A esta situación se suma la creciente fractura entre el presidente y su fórmula vicepresidencial, Francia Márquez. Lo que debió ser una dupla complementaria, se ha convertido en un símbolo de división institucional. Mientras el presidente defiende una visión centralista, la vicepresidenta trata de impulsar una agenda de justicia étnica y autonomía territorial. Su exclusión de los Consejos de Ministros, tras denunciar un gabinete “centralista, machista y clasista”, refleja una ruptura interna que debilita aún más la imagen de un gobierno articulado, especialmente cuando se insiste desde la propia Presidencia con expresiones que han sido interpretadas como racistas.
En medio de esta confrontación interna, el gobierno ha desaprovechado una oportunidad histórica para reivindicar a los sectores más olvidados del país. La llegada de una lideresa afrodescendiente generó, en su momento, una expectativa legítima de representación real, inclusión social y visibilización de comunidades históricamente excluidas. Sin embargo, su papel ha sido progresivamente relegado por decisiones políticas que han marginado su voz en los espacios de deliberación institucional. En un país atravesado por profundas tensiones sociales, sería fundamental que la vicepresidenta asumiera una postura clara y participara activamente en los debates nacionales, especialmente en aquellos temas sensibles que afectan directamente a las poblaciones que dice representar.
La reciente alocución presidencial del 15 de julio encendió aún más las alarmas.
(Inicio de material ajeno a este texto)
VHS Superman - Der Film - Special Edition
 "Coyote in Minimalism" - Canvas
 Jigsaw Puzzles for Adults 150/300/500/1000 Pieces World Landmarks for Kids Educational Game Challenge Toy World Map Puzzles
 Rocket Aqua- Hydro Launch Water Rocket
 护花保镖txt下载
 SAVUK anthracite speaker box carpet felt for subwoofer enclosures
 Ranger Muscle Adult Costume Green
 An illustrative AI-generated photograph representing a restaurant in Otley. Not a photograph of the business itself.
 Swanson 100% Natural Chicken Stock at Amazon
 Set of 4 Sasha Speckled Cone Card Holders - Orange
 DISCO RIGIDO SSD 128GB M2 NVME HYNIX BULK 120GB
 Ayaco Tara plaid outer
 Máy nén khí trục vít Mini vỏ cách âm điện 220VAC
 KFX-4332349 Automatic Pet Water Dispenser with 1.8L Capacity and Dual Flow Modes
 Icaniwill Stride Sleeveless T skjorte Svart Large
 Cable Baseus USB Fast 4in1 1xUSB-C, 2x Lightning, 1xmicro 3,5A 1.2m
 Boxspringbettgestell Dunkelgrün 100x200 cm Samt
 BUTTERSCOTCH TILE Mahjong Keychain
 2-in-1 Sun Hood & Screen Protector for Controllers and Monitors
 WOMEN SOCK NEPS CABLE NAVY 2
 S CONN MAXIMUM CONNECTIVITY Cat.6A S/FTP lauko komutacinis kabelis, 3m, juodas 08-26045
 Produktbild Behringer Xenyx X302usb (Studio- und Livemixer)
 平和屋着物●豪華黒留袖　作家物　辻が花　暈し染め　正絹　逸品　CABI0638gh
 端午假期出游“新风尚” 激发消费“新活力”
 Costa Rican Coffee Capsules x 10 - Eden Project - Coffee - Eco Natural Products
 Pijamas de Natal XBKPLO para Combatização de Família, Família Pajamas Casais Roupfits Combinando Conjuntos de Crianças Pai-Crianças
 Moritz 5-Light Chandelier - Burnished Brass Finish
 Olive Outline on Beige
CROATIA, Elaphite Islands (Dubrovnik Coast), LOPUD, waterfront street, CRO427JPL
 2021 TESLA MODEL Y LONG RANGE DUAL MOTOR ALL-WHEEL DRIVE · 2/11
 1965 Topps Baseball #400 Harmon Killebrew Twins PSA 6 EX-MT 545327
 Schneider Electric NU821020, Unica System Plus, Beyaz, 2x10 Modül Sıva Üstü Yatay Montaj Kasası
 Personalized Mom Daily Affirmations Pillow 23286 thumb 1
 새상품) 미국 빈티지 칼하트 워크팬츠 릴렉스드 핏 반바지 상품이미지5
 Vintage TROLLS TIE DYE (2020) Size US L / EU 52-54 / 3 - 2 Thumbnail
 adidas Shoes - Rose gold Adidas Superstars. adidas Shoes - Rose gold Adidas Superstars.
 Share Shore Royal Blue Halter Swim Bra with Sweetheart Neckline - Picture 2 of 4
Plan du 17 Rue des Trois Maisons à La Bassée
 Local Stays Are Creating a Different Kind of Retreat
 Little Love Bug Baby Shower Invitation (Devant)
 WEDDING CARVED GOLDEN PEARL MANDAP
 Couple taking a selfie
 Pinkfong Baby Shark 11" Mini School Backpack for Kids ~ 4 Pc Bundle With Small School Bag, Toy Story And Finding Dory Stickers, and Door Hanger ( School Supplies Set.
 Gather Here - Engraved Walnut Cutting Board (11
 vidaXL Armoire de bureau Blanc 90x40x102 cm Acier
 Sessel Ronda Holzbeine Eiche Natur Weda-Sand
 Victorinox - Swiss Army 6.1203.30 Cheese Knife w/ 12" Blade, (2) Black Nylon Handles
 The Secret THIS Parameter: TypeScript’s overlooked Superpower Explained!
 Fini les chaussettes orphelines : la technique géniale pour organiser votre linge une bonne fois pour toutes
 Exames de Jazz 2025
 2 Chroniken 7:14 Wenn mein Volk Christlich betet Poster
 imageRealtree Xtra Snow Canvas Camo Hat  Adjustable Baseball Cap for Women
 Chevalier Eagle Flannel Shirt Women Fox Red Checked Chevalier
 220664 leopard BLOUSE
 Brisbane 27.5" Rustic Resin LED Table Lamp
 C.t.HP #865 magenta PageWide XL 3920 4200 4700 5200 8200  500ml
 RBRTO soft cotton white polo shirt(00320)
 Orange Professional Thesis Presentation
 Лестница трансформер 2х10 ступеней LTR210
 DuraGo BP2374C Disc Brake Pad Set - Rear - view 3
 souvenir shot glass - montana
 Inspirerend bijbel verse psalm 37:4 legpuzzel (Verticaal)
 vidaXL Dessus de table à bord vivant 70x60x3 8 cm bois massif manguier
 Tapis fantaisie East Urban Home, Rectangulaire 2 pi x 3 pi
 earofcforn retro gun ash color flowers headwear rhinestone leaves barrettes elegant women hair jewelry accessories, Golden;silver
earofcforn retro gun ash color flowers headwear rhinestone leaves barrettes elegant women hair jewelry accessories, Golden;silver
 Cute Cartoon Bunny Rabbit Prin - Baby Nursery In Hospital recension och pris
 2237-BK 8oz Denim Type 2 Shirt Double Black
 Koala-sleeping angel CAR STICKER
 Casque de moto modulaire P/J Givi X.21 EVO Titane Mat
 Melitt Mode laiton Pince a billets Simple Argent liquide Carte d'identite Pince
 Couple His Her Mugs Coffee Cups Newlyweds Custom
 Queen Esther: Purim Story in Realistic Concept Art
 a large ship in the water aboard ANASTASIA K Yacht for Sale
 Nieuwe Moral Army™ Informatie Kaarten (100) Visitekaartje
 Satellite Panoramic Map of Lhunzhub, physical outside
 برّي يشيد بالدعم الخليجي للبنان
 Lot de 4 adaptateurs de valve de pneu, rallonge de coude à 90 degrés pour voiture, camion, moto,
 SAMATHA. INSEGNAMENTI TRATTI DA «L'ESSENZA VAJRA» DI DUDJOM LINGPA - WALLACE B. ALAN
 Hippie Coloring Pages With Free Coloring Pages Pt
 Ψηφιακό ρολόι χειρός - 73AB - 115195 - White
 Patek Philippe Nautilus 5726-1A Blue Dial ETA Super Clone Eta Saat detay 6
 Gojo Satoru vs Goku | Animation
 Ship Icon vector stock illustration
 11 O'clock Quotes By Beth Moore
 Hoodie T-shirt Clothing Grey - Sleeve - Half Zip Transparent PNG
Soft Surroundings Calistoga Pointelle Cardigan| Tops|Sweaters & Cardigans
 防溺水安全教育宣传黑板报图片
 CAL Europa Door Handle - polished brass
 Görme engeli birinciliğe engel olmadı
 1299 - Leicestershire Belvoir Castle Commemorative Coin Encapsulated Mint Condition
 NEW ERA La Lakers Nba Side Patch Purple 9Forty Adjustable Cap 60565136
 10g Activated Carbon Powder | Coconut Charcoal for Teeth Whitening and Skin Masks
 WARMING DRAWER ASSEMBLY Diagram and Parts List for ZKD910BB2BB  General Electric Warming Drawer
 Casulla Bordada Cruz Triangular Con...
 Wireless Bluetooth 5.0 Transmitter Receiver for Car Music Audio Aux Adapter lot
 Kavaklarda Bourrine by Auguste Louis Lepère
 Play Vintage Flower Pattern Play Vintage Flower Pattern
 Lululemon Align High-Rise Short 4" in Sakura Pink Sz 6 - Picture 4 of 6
Fue la confirmación del estilo que caracteriza al presidente Petro: grandilocuente en las formas, confrontacional en el tono y vacío en los contenidos. En lugar de asumir responsabilidades por el evidente deterioro institucional, económico y social del país, el mandatario optó —una vez más— por culpar a su propio gabinete y sembrar más incertidumbre. Señaló, culpó, amenazó; desplegó, en suma, un repertorio de agravios que ya resulta repetitivo y estéril. Ni una autocrítica, ni una hoja de ruta concreta, ni una solución efectiva a los males que él mismo ha exacerbado. Petro habla mucho, pero dice poco.
En la milicia existe un principio que resume con claridad esta situación: “Cuando los soldados no saben qué hacer, el responsable es el comandante”. En un régimen presidencialista como el colombiano, la responsabilidad política recae fundamentalmente sobre el jefe de Estado. Su incapacidad para consolidar un equipo competente, su desprecio por el consenso técnico y su tendencia a utilizar la comunicación oficial como instrumento de presión ideológica, han debilitado gravemente el ejercicio del gobierno.
Colombia no necesita más discursos improvisados ni cadenas presidenciales convertidas en vitrinas de confrontación. Lo que el país exige es liderazgo serio, institucional y orientado a resultados verificables. La estabilidad democrática y el desarrollo económico no se construyen con propaganda, sino con dirección estratégica, respeto por las instituciones y un ejercicio responsable del poder.